Ops Archaeology: The Job That Succeeded Wrong¶
You've just joined a team. There are no docs. The previous engineer left last month. Something is broken. Here's everything you have to work with.
Difficulty: L2 Estimated time: 25 min Domains: Kubernetes, Jobs, ConfigMaps, Database Ops
Artifact 1: CLI Output¶
$ kubectl get jobs -n analytics --sort-by=.status.startTime
NAME COMPLETIONS DURATION AGE
daily-rollup-28364800 1/1 4m12s 25h
daily-rollup-28365600 1/1 4m08s 1h
$ kubectl get pods -n analytics -l job-name=daily-rollup-28365600
NAME READY STATUS RESTARTS AGE
daily-rollup-28365600-v9g4r 0/1 Completed 0 1h
$ kubectl logs daily-rollup-28365600-v9g4r -n analytics | tail -8
2024-12-10T06:00:04Z INFO Connecting to database...

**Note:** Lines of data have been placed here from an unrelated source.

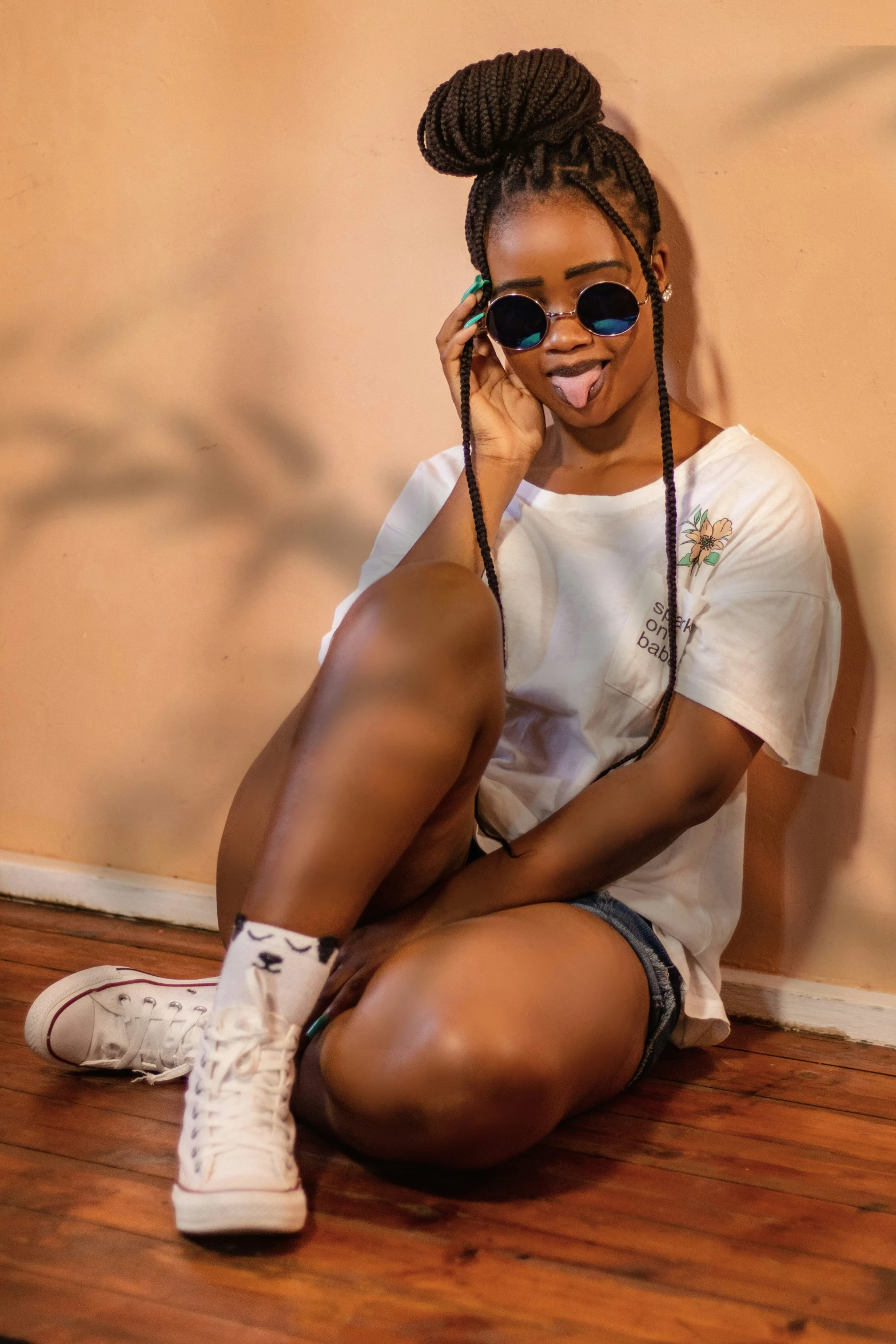 a woman sitting down on the ground holding a cell phone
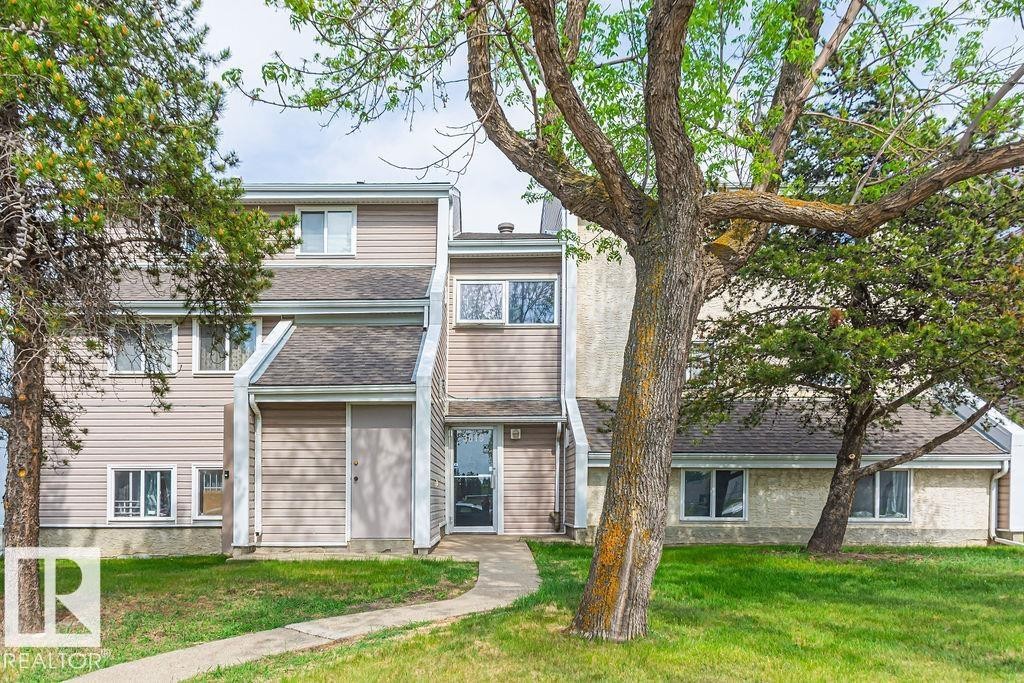 Exterior townhouse unit featuring light-colored siding and a dark shingle roof - 6 3819 76 Street, Edmonton, AB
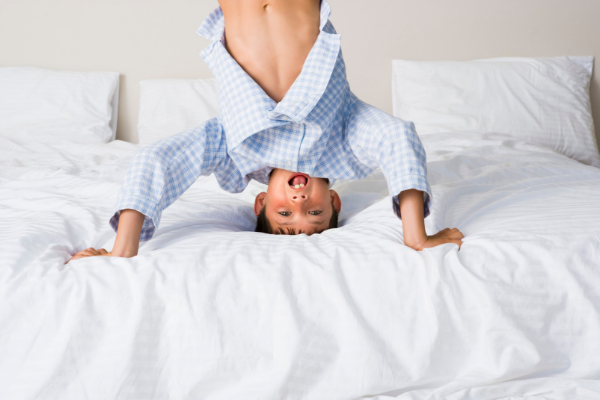 boy standing on head on a bed representing not going to sleep at night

2024-12-10T06:00:04Z INFO Connected to PostgreSQL 15.4 at analytics-db:5432/warehouse
2024-12-10T06:00:04Z INFO Starting daily rollup for 2024-12-09
2024-12-10T06:00:05Z INFO Processing table: order_summaries
2024-12-10T06:00:38Z INFO Rolled up 14,293 records into 847 summary rows
2024-12-10T06:02:11Z INFO Processing table: revenue_by_region
2024-12-10T06:02:44Z INFO Rolled up 14,293 records into 12 region summaries
2024-12-10T06:04:08Z INFO Daily rollup complete. Duration: 4m04s. Status: SUCCESS
Artifact 2: Metrics¶
# Dashboard: "Analytics Pipeline Health"
# Daily revenue total (from rollup output) — last 7 days
analytics_daily_revenue_usd{date="2024-12-03"} 2847291
analytics_daily_revenue_usd{date="2024-12-04"} 2913847
analytics_daily_revenue_usd{date="2024-12-05"} 2791003
analytics_daily_revenue_usd{date="2024-12-06"} 3104582
analytics_daily_revenue_usd{date="2024-12-07"} 3247109
analytics_daily_revenue_usd{date="2024-12-08"} 287412
analytics_daily_revenue_usd{date="2024-12-09"} 291034
# Record counts processed
analytics_rollup_input_records{date="2024-12-08"} 14293
analytics_rollup_input_records{date="2024-12-09"} 14293
analytics_rollup_input_records{date="2024-12-07"} 142918
Artifact 3: Infrastructure Code¶
# From: k8s/configmaps/analytics-config.yaml
apiVersion: v1
kind: ConfigMap
metadata:
name: analytics-config
namespace: analytics
data:
DB_HOST: "analytics-db"
DB_PORT: "5432"
DB_NAME: "warehouse"
DB_USER: "rollup_svc"
---
# From: k8s/configmaps/analytics-config-staging.yaml
apiVersion: v1
kind: ConfigMap
metadata:
name: analytics-config
namespace: analytics
data:
DB_HOST: "analytics-db"
DB_PORT: "5432"
DB_NAME: "warehouse_staging"
DB_USER: "rollup_svc"
Artifact 4: Log Lines¶
[2024-12-10T06:00:04Z] rollup-job | INFO Connected to PostgreSQL 15.4 at analytics-db:5432/warehouse
[2024-12-08T05:59:58Z] k8s-deploy | ConfigMap analytics-config replaced in namespace analytics
[2024-12-10T06:04:08Z] rollup-job | INFO Daily rollup complete. Duration: 4m04s. Status: SUCCESS
Your Mission¶
- Reconstruct: What does this system do? What are its components and purpose?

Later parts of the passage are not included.